Arthur Silverman’s “Echo” features a pair of elongated tetrahedra, each seemingly balanced on one edge. The sculpture is 60 feet tall and rests on a foundation that extends 20 feet into the ground.
Aluminum tiles based on cross sections of a tetrahedron create a striking wall design.
Silverman created an outdoor menorah for Temple Sinai in New Orleans.
Changing the orientation of this sculpture, about 20 inches high, gives observers startlingly different views.
Partially immersed in floodwaters for days, this sculpture displays the resulting waterline.
Silverman has turned his sculpture studio into a gallery, showcasing his many artworks.

For more than 30 years, Arthur Silverman of New Orleans has created artworks arising out of explorations of this angular form. Many of his sculptures are on display in public spaces and various buildings in New Orleans and other cities from Florida to California.

“The tetrahedron is very exciting visually,” Silverman says. “It’s very difficult to anticipate what you are going to see. Every step around a piece gives you a different view.”

We’re accustomed to thinking about orientation in space in terms of three perpendicular axes. A tetrahedron has no right angles. So, a tetrahedral structure jars us out of spatial complacency. It has so few faces, its aspect changes abruptly as you move around to view it from different angles.

Until age 50, Silverman had been a highly successful surgeon, practicing medicine with considerable enthusiasm and skill. Then he encountered an ailing colleague near death, who advised Silverman that if there were anything he might really want to do, then he ought to do it right away, before the chance slips away.

The encounter changed Silverman’s life. He returned to interests that had captured his attention when he was a teenager. He had visited museums to gaze at statues, and he had tried his hand at carving wood. Later, when studying medicine at Tulane University, he had met a sculpture teacher who had invited him to classes and taught him to see, in the artistic sense.

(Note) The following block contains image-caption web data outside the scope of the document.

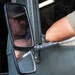 A person wearing a military-style cap is visible in the side mirror of a large military or tactical vehicle. The image is taken from outside the vehicle, showing the driver's reflection in the dual side mirrors. The background suggests a cargo or transport environment with boxes visible.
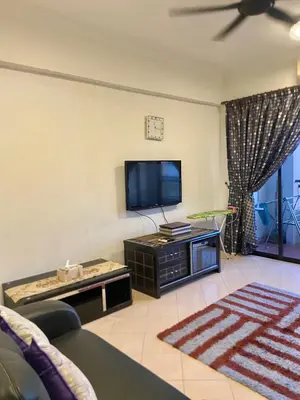 a living room with a tv and a couch at Homestay Legacy Kamariah Ahmad,Lumut in Lumut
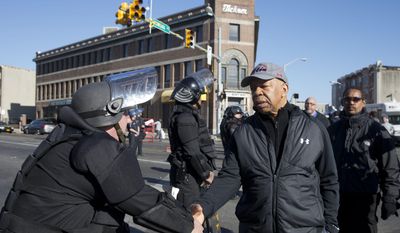 U.S. Rep. Elijah Cummings, D-Md., shakes hands with a Maryland State Trooper Tuesday, April 28, 2015, in the aftermath of rioting following Monday&#39;s funeral for Freddie Gray, who died in police custody. (AP Photo/Matt Rourke) ** FILE **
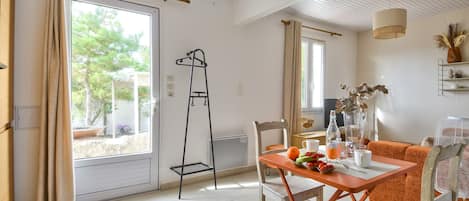 Una habitación luminosa con una mesa, sillas y un ventanal con cortinas.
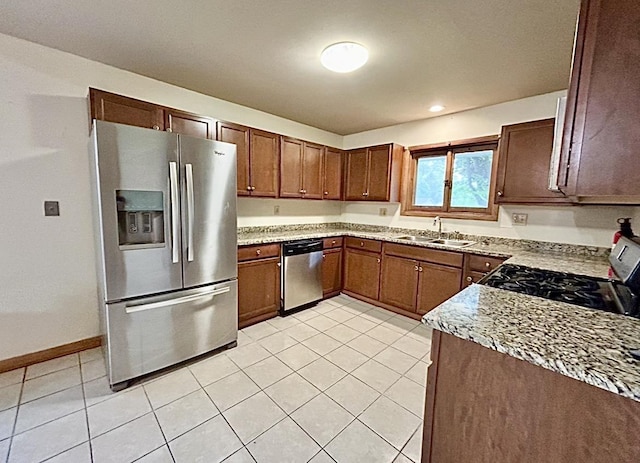 5404 N Bethmaur Ln, Milwaukee, WI 53209 - kitchen featuring appliances with stainless steel finishes, a sink, light tile patterned floors, and baseboards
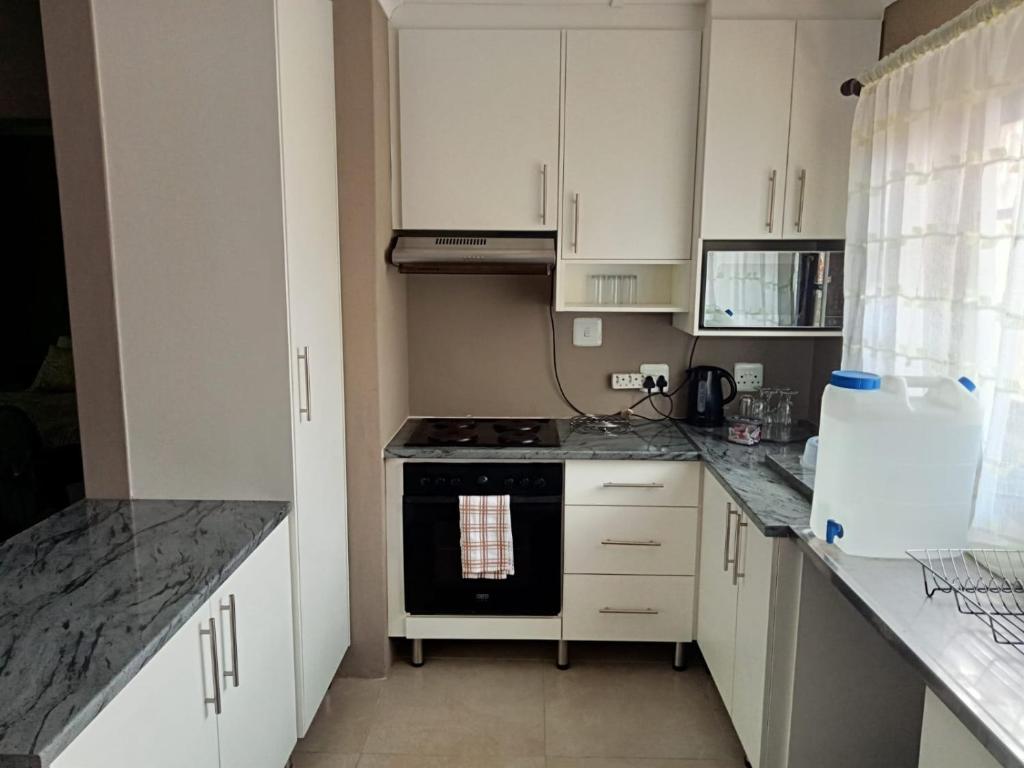 Ariah's Guesthouse and Self Catering في شرق لندن: مطبخ بخزائن بيضاء وفرن موقد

During these early explorations, Silverman had discovered the wonders of the tetrahedron, the form to which he returned with a passion many years later.

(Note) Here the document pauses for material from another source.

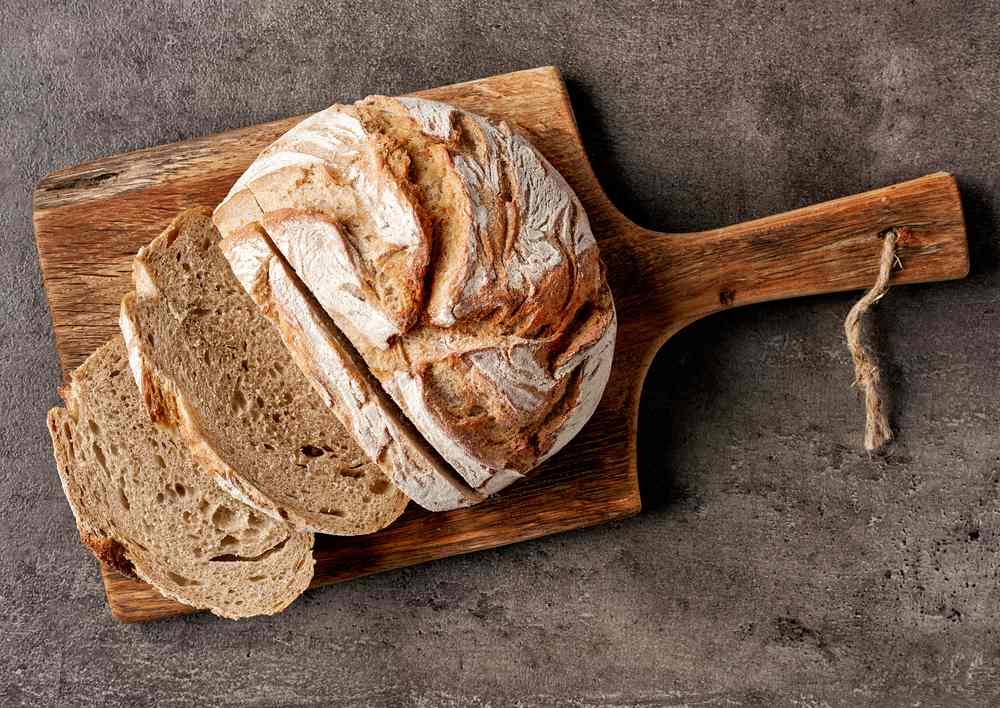 Sourdough Bread sliced on a board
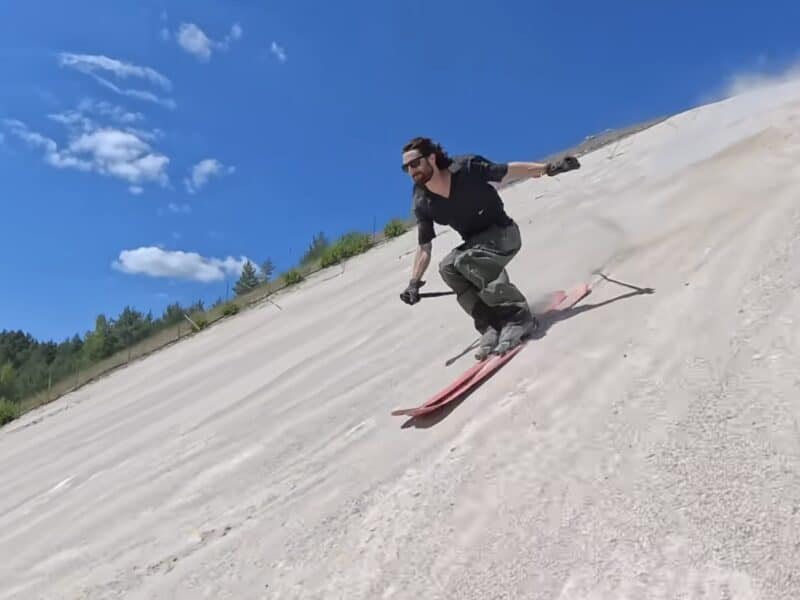 Alex Hackel skis on sand.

“When I first encountered tetrahedra, I was immediately fascinated by the notion of using these forms as basic building blocks for three-dimensional designs,” Silverman recalls.

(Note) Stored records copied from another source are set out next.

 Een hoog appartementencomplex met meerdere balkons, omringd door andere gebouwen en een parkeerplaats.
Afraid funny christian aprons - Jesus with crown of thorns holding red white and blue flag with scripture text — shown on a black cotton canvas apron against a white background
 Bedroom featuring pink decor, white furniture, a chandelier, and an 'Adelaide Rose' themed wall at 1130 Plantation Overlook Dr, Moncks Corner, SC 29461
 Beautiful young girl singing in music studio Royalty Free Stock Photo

Over the years, Silverman has manipulated the tetrahedron’s familiar shape into myriad forms that are often virtually unrecognizable as tetrahedra. He has elongated it, stretching several edges to create a slim stainless-steel tower 60 feet high, then twinned it with an identical tower to create an elegant pair of structures, which soar in formation into the sky. With water flowing down its sides, this sculpture stands as Silverman’s signature piece in the middle of a plaza fountain in New Orleans.

Silverman has joined tetrahedra to form an aluminum cascade. He has stacked them symmetrically. He has also sliced them. A vast, interior wall of the Equitable Center in New Orleans is covered with aluminum tiles based on such cross sections. A slowly changing light washes over the surface, highlighting different facets.

Silverman has divided tetrahedra, then rejoined them in various ways. He has looked at what’s left when tetrahedra are cut of a column or from inside a cube. He has stretched a tetrahedron and turned it inside out. He has stood the shape on edge, and he has balanced it on a vertex.

“I find that the unique geometric relations intrinsic to the tetrahedron persist in the final sculpture, notwithstanding all the manipulations I carry out,” Silverman notes. At the same time, “photographs do not do these works justice,” he contends. “One must actually see, feel, and walk around these works in order to experience them in their totality.”

Silverman fabricated nearly all his pieces in his studio by welding together metal plates. Altogether he produced more than 200 sculptures based on the tetrahedron, from large-scale outside works to diminutive studio models.

Silverman’s outdoor sculptures, including his tall twin towers, survived the onslaught of Hurricane Katrina in 2005. Water filled his studio to a depth of about 1 foot, leaving distinct waterlines on several sculptures that had sat on the floor. Some smaller sculptures were knocked off their pedestals, resting in brackish water for days. Interestingly, several of these pieces developed a deep, rich patina—the weathered look of survivors.

Now 82, Silverman has stopped creating new works. He has turned his studio into a gallery, where visitors can wander about and ponder the tetrahedron’s amazing versatility, as unveiled by an artist’s imagination.